◆ INPUT MATERIAL ◆
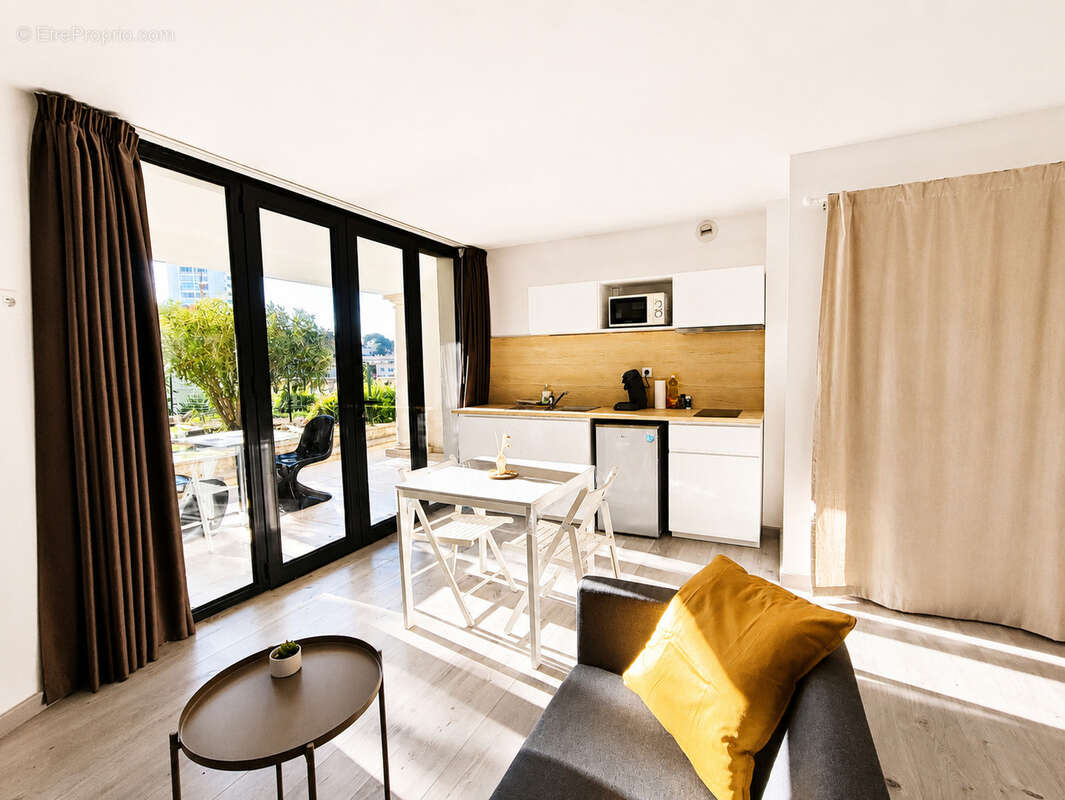 Appartement à CARRY-LE-ROUET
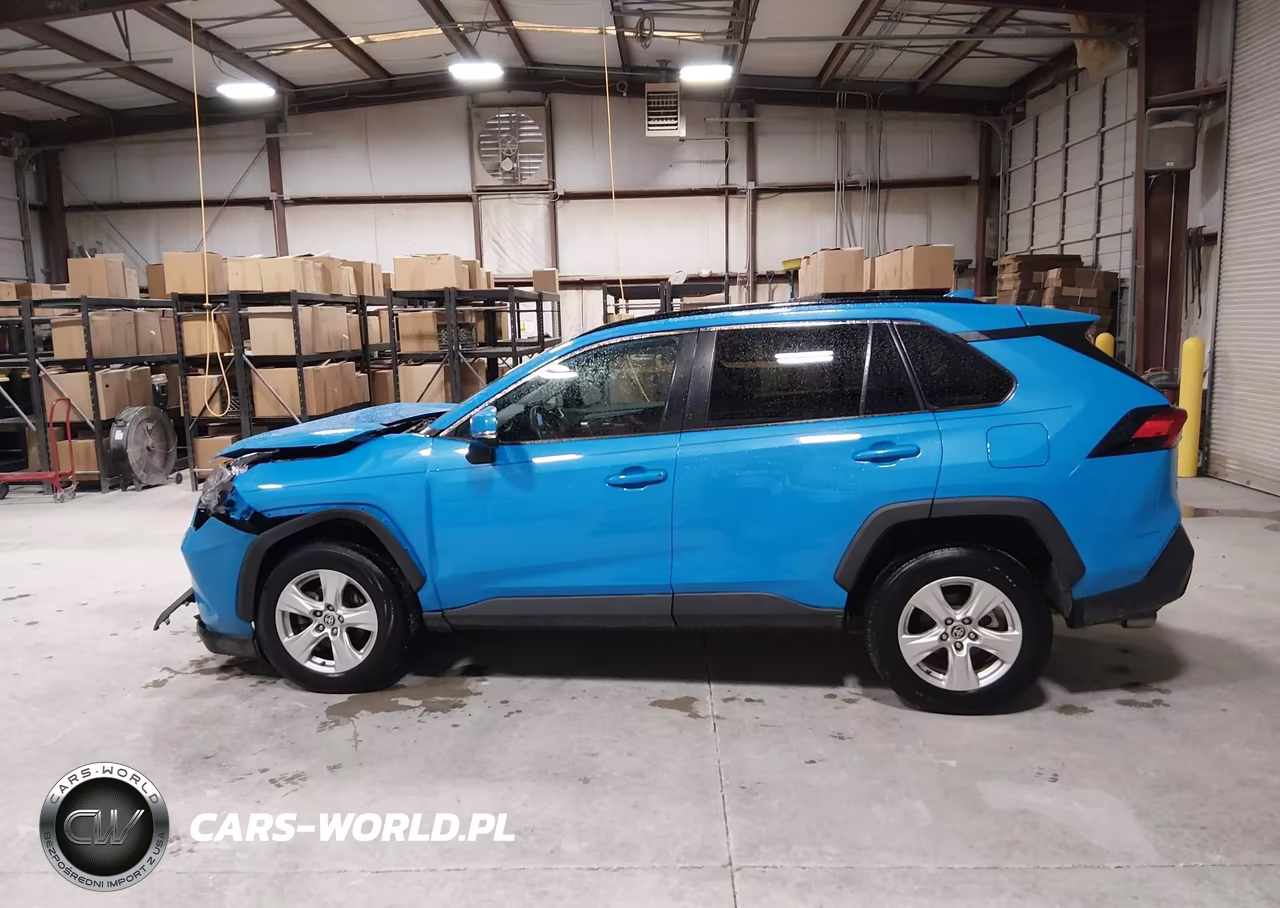 2021 Toyota Rav4 Xle VIN:2T3P1RFV8MW179862 - 14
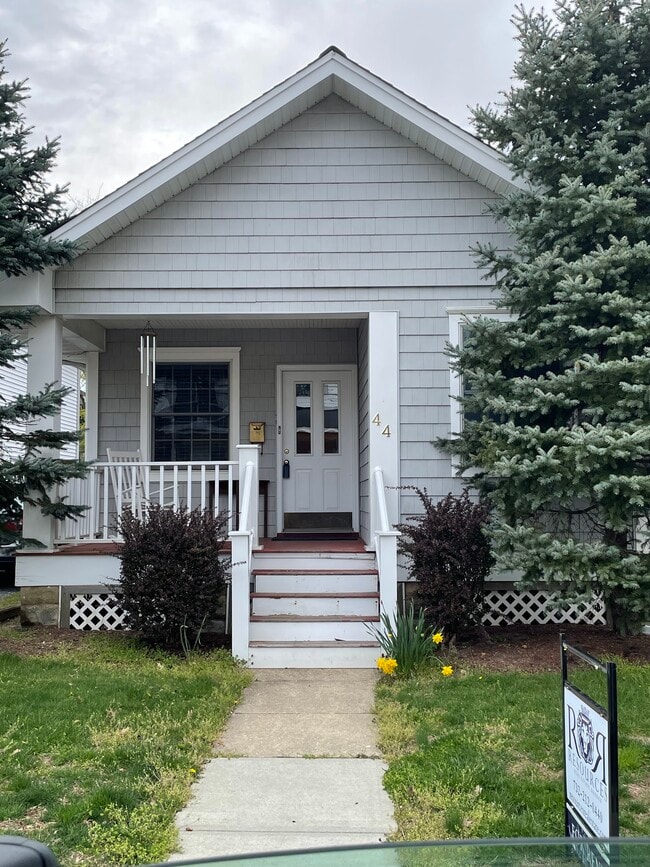 44 Washington St Rentals in Rumson, NJ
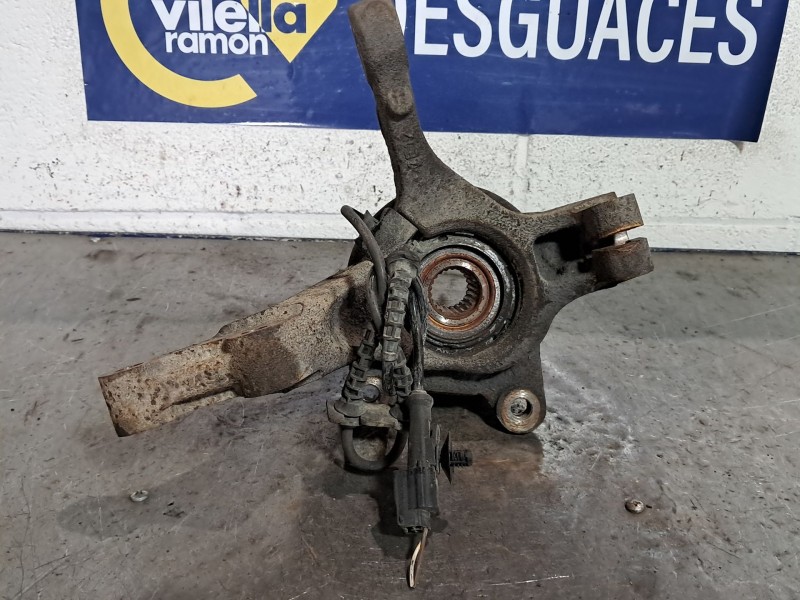 Recambio de mangueta delantera derecha para dacia logan referencia OEM IAM   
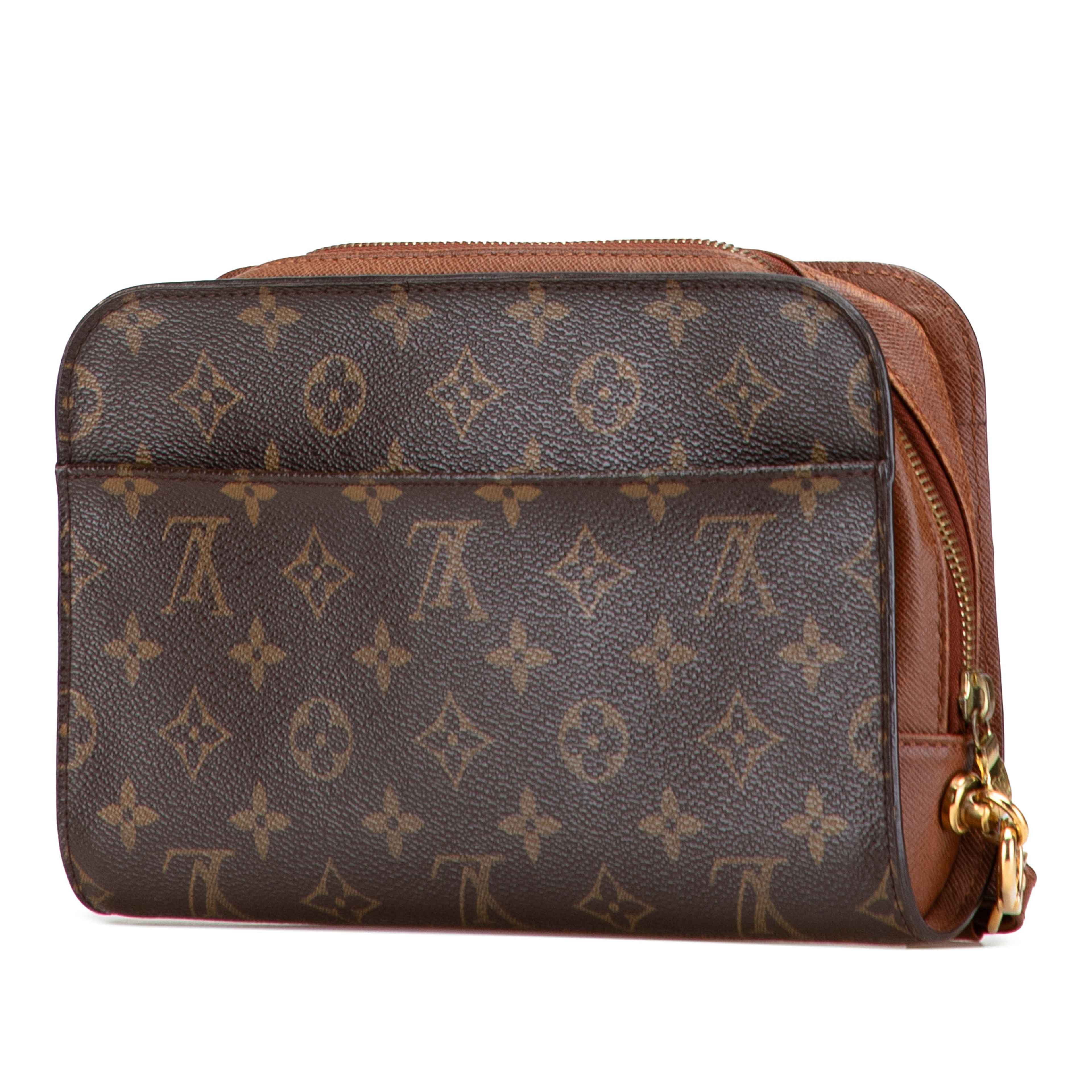 Louis Vuitton Monogram Orsay, från Luxclusif, i färgen brown. Klicka för att öppna bilden i stort format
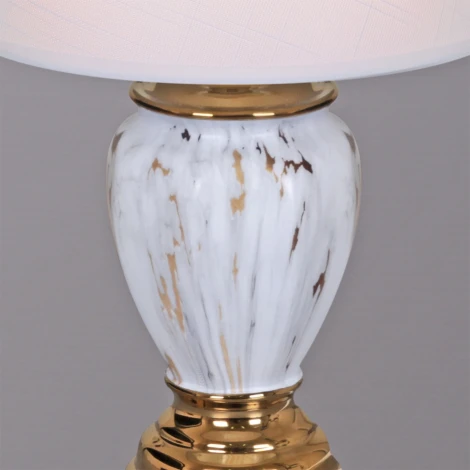 Интерьерная настольная лампа Reluce 30146-0.7-01 (220V)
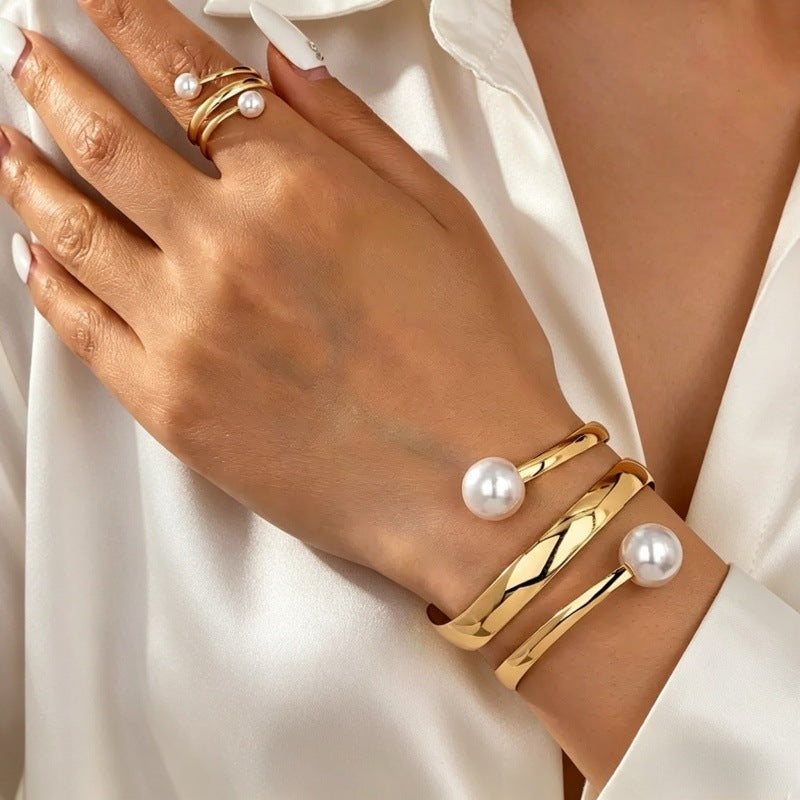 Trendy Exaggerated Metal Texture Glossy Female High Sense Niche Wide Bracelet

◆ ABOUT THIS EXERCISE ◆
Repeat the data above exactly, leaving out any pictures it holds.

◆ RESPONSE TO THIS TASK ◆
 Appartement à CARRY-LE-ROUET
 2021 Toyota Rav4 Xle VIN:2T3P1RFV8MW179862 - 14
 44 Washington St Rentals in Rumson, NJ
 Recambio de mangueta delantera derecha para dacia logan referencia OEM IAM   
 Louis Vuitton Monogram Orsay, från Luxclusif, i färgen brown. Klicka för att öppna bilden i stort format
 Интерьерная настольная лампа Reluce 30146-0.7-01 (220V)
 Trendy Exaggerated Metal Texture Glossy Female High Sense Niche Wide Bracelet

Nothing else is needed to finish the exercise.